Grader said Sacramento River’s fall-run Chinook salmon account for nearly 90 percent of California’s salmon catch in a typical year and provide upwards of 50 percent of Oregon’s ocean salmon harvest.
The once massive runs of Sacramento winter and spring run Chinook salmon, now protected under the Endangered Species Act, have declined dramatically over the past several decades due to the operation of the Delta pumps, upstream dam operations and loss of habitat.
Winter run could be decimated
The Sacramento winter run numbered 117,000 in 1969, but has dwindled to several thousand fish in recent years. Spawner escapement of endangered winter Chinook salmon in 2012 was estimated to be only 2,529 adults and 145 jacks.
Faced with a similar situation to this year in 2009, the National Marine Fisheries Service warned that 50 to 75 percent of that year’s winter run could be lost due to lethally hot water in the upper river, according to McManus.
“Very few progeny of the 2009 winter run survived,” said McManus. “Low winter run numbers in 2012 put the fish in further jeopardy and led to steep cuts in the ocean fishing season this year, even though fishing is not the cause of the winter run shortage.
McManus said winter run salmon faced another obstacle earlier in 2013 when over 300 were rescued from agricultural canals they mistakenly swam into near Williams. Officials estimate another 300 were never captured for relocation and will likely die in the canals without successfully spawning.
“Winter run salmon could be decimated this year,” said McManus. “We’re already concerned about what kind of return we’ll see in 2015 due to the drought conditions juvenile salmon faced trying to out migrate down the Sacramento River and through the delta earlier this year. We could see some real problems in the fishery a few years from now.”
Federal officials agree with fishing groups about the threat to salmon posed by warmer water temperatures, but nonetheless supported the relaxation of standards anyway to extend the cold water pool as long as possible.
Maria Rea, National Marine Fisheries Service Regional Supervisor, said, “We could have some serious temperature-related impacts on winter run this year.”
The dilemna facing salmon this year was created years of over-appropriation of water and bad water management – and can only be stopped when California comes to grips with the “paper water” that drives water policy.
“Solving California water problems has to come from the demand side, not from the supply side,” said Jennings. “If we had new reservoirs, they would be empty. We can pour all of the concrete we want, but we can’t pour rain.”

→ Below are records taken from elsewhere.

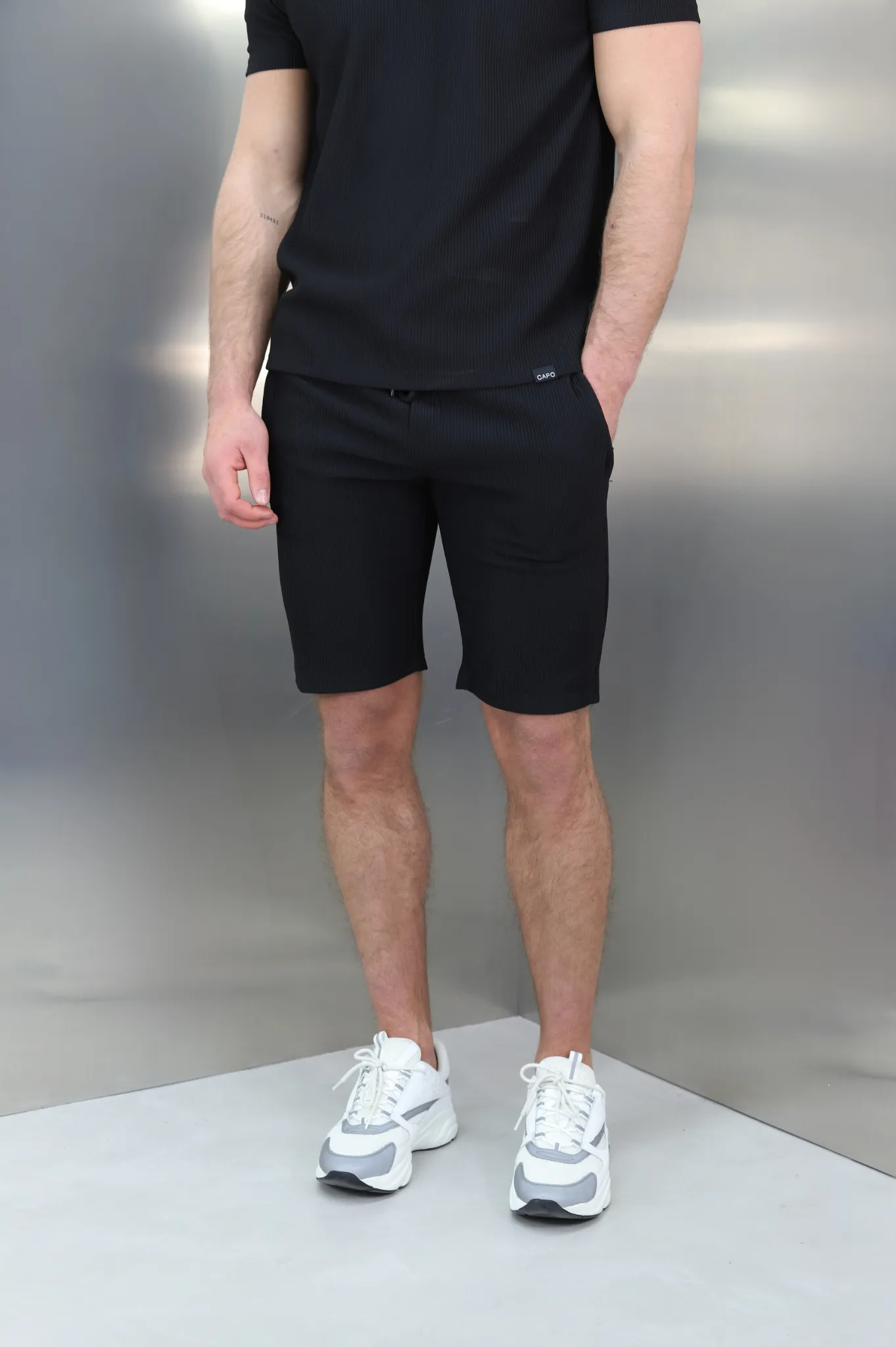 Capo PLEAT Short - Black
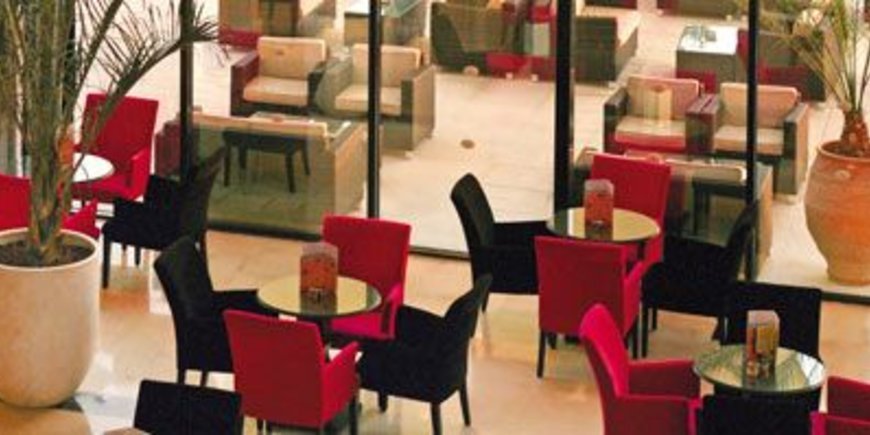 Hotel St. George Spa & Golf Beach Resort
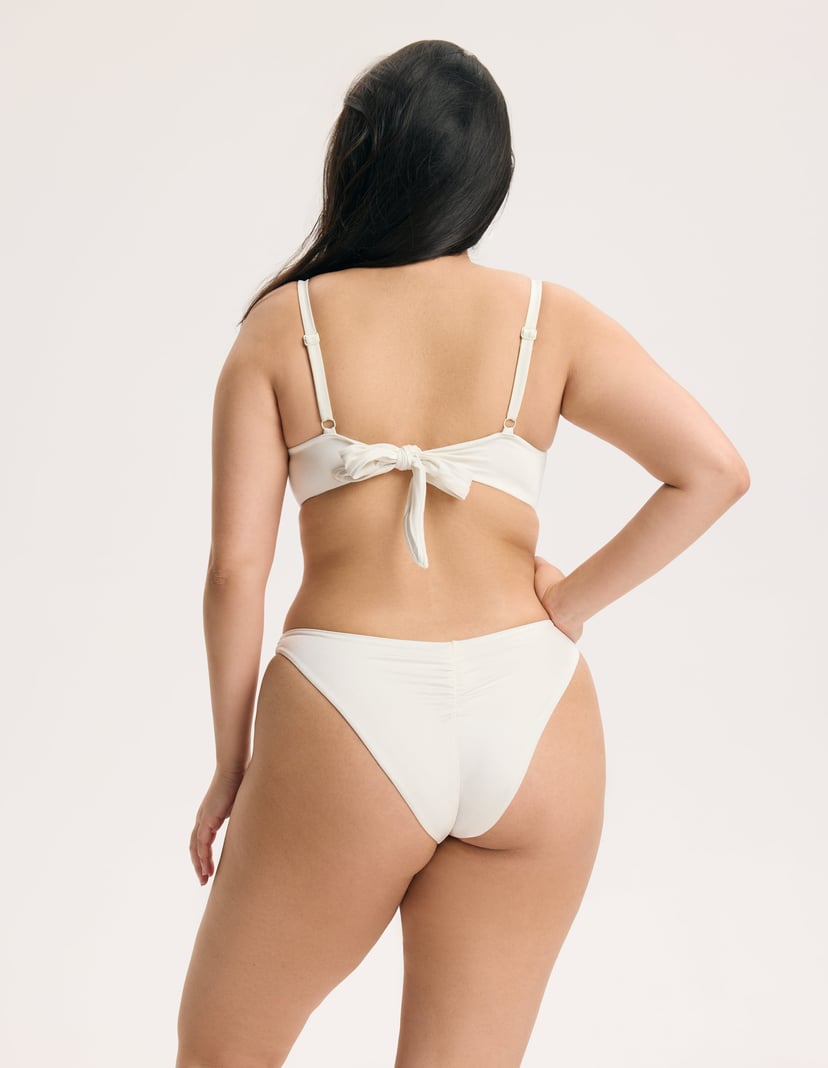 Bikini Top Goddess cream 9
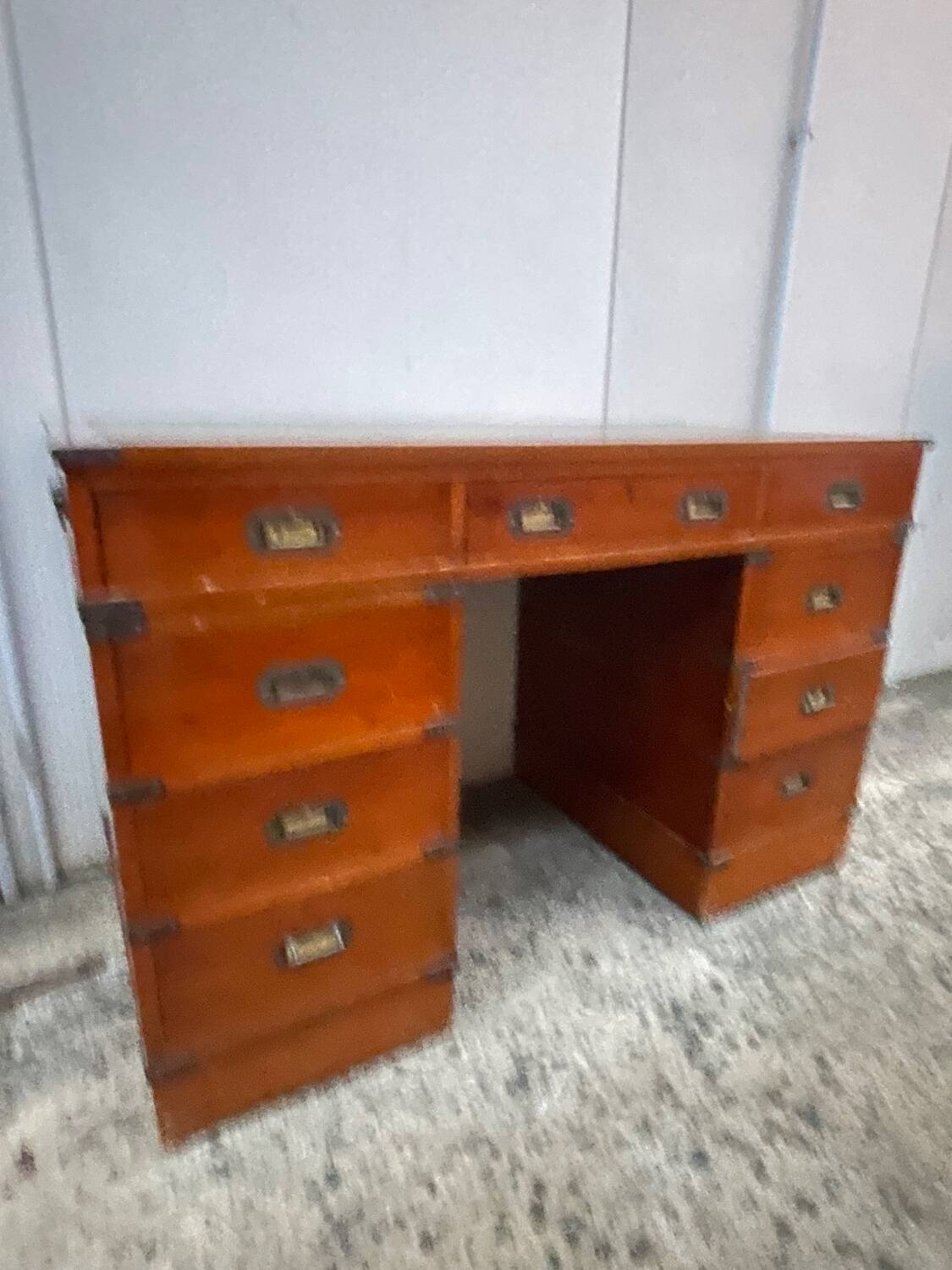 Elegant english marine desk bois des iles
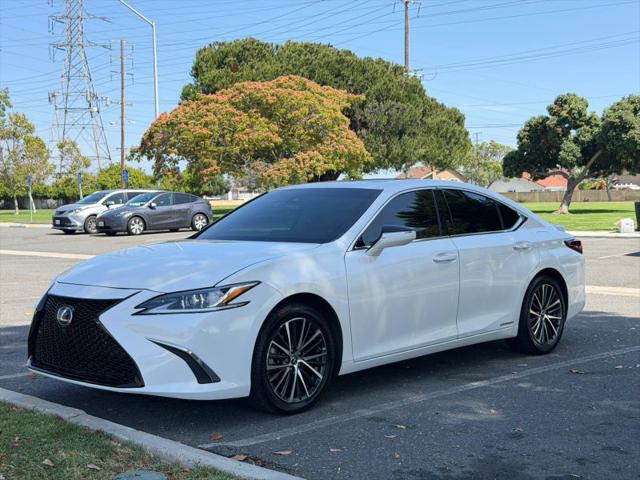2022 Lexus ES 300h 300h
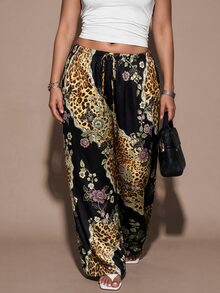SHEIN BAE CURVE بنطال نسائي مقاس كبير من الساتان بطبعة نمر طويلة وساق واسعة - متعدد الألوان - مشاهدة 5
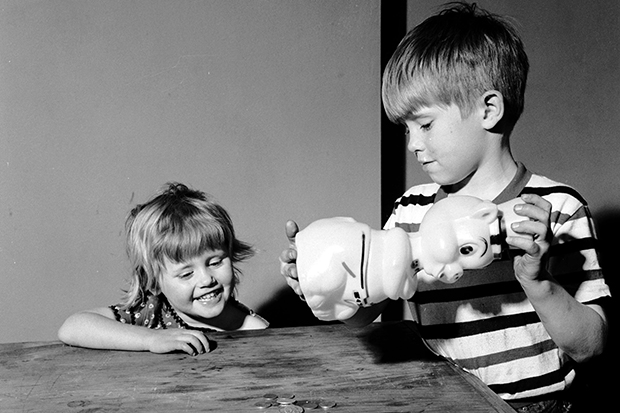 A future pensioner seizes control of his saving strategy, 1951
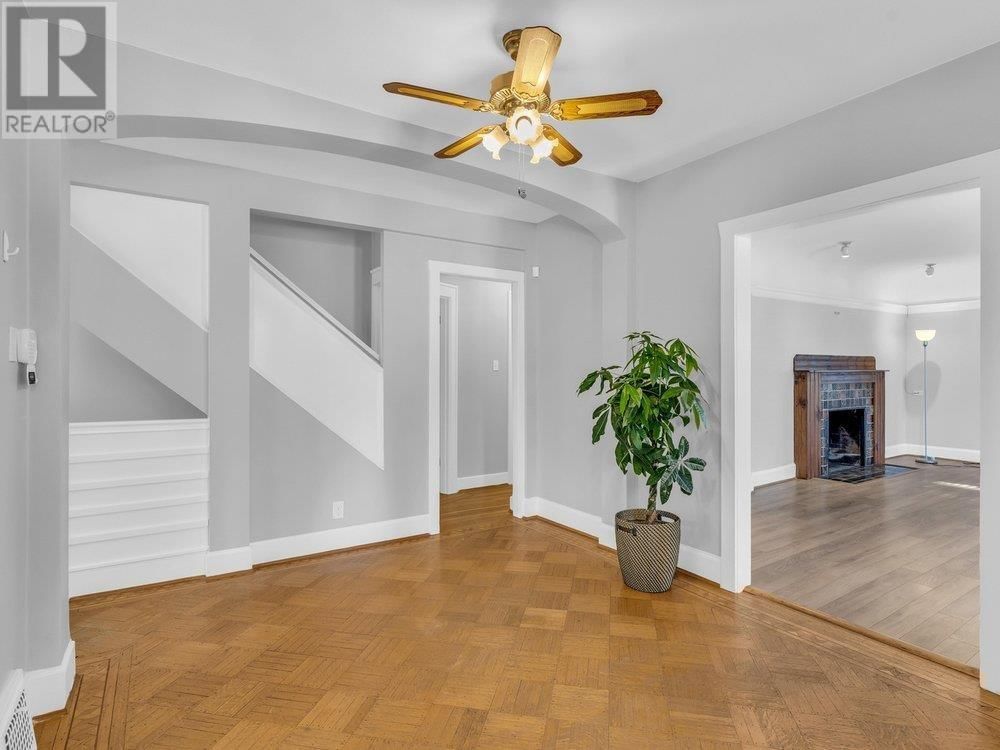 1751 KING EDWARD AVENUE Image 23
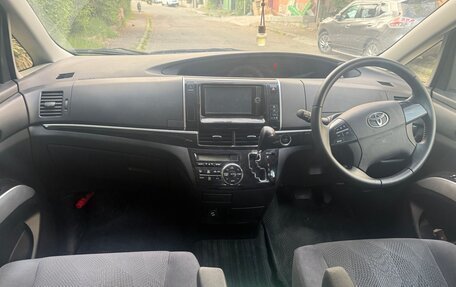 Toyota Estima III рестайлинг -2, 2012 год, 1 980 000 рублей, 4 фотография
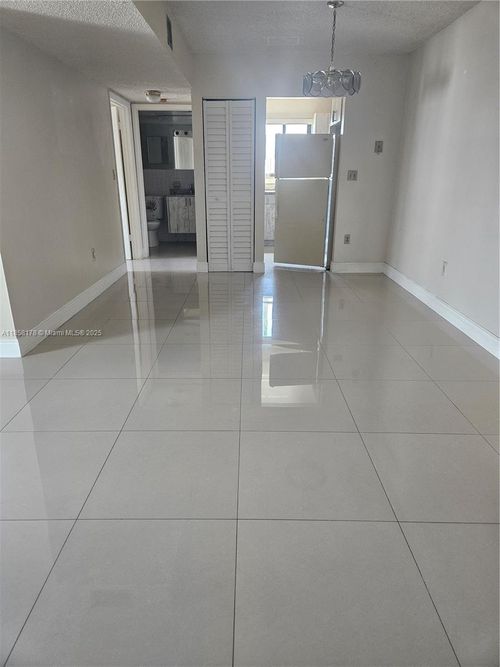 apt-413-2046 W Flagler St, Miami, FL, 33135-1674 | Card Image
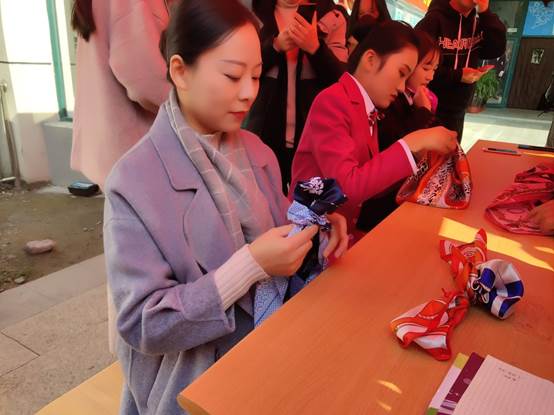 说明: C:\Users\Administrator\Desktop\礼仪技巧面对面\礼仪技巧面对面\QQ图片20191129171922.jpg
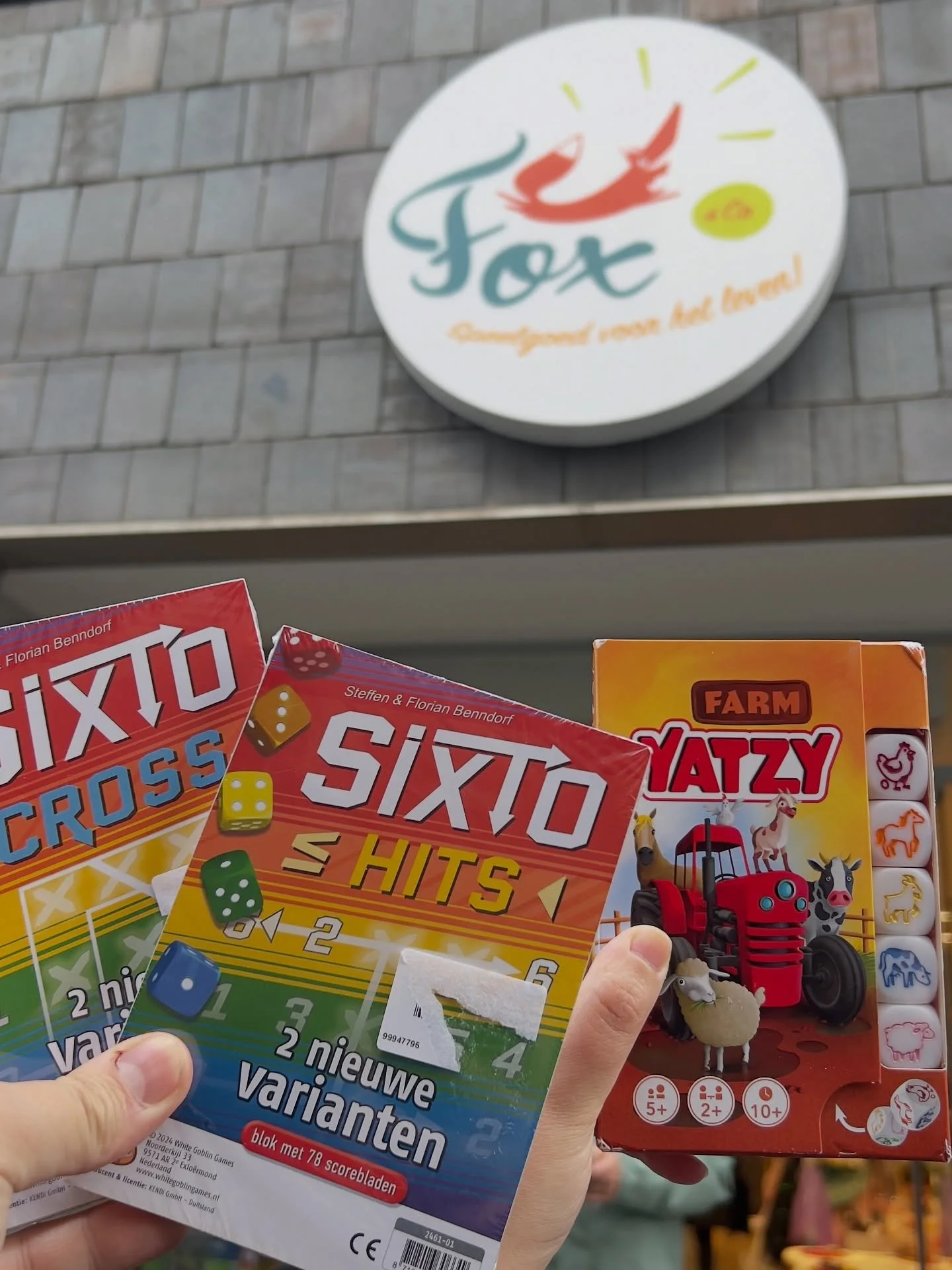 🇵🇹⬇️//🇬🇧 Road trip to Essen, day #05: we ended the day joking about having breakfast in France, lunch in Belgium, and dinner in the Netherlands. It’s not every day we visit three different countries by car. 🗺️
.
📍Ghent: after lunch, we ex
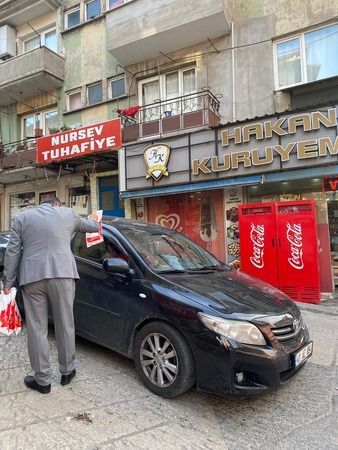 İzmit Belediyesi servis bekleyen işçileri ziyaretlerini sürdürüyor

There is no doubt that Sacramento River winter, spring and fall run Chinook salmon are threatened by the relaxation of water standards on the upper river and the violation of water quality standards in the Bay-Delta Estuary in order to export massive quantities of water south of the Delta.
Meanwhile, the Brown and Obama administrations are fast-tracking the Bay Delta Conservation Plan to build the peripheral tunnels, a $54.1 billion boondoggle that will hasten the extinction of Sacramento River Chinook salmon, steelhead, Delta smelt, longfin smelt and other fish species.